◆ Entries provided ◆
○ ○ ○ ○

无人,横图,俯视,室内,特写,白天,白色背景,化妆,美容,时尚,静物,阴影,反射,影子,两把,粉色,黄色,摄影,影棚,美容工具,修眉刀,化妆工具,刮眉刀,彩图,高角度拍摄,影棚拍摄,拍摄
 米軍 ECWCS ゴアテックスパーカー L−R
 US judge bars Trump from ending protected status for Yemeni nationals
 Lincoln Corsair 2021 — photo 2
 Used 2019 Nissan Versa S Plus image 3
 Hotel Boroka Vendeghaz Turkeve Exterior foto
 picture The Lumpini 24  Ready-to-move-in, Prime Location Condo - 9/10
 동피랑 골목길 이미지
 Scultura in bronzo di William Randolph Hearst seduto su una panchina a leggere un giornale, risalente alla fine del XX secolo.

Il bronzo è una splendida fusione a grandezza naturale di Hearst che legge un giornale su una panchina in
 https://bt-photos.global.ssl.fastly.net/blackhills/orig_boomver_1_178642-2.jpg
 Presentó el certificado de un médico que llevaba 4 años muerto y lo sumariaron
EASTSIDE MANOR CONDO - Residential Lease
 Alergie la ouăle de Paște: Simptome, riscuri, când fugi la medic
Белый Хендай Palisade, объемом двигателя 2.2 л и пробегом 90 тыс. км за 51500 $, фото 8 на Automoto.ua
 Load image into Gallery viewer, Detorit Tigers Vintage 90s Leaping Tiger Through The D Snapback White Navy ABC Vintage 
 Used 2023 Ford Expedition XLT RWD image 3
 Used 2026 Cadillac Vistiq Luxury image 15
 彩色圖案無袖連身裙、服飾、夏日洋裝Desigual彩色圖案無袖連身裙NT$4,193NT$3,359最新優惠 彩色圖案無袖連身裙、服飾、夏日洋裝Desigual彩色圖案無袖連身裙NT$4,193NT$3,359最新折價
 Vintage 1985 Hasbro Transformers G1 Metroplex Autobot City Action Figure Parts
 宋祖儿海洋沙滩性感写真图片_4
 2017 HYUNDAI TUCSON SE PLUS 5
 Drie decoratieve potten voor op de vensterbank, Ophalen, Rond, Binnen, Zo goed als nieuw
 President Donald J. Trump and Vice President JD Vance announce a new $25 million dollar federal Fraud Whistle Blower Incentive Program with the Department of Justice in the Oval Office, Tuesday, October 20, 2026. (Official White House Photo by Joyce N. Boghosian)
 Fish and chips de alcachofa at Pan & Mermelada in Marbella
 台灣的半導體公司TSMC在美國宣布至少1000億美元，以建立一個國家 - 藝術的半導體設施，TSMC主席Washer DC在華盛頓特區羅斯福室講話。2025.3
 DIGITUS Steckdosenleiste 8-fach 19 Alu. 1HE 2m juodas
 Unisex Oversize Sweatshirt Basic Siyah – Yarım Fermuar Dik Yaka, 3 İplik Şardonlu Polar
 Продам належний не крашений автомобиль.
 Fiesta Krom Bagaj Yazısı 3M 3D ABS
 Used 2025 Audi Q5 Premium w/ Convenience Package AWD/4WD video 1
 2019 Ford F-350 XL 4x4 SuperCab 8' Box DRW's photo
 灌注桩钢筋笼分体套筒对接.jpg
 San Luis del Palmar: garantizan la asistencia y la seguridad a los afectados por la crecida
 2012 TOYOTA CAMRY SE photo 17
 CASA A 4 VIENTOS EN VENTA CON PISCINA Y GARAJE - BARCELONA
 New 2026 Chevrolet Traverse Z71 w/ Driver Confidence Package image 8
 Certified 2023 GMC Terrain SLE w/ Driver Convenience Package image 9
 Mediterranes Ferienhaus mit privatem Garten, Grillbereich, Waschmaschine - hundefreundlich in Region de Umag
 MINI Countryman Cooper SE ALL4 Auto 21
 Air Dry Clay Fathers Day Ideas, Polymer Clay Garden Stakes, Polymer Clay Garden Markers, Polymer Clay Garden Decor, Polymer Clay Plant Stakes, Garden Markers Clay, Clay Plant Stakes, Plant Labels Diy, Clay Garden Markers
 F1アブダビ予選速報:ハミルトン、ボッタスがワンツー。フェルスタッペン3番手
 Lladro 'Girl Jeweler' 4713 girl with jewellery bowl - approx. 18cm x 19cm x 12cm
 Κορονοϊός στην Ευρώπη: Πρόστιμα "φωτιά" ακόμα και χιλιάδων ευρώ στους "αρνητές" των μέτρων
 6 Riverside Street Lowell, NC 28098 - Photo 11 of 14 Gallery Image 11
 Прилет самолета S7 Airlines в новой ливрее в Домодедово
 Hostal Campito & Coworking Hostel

○ ○ ○ ○

◆ What you need to do ◆
When a line in the material contains the string "Driver", copy that line.

◆ Task response ◆
 New 2026 Chevrolet Traverse Z71 w/ Driver Confidence Package image 8
 Certified 2023 GMC Terrain SLE w/ Driver Convenience Package image 9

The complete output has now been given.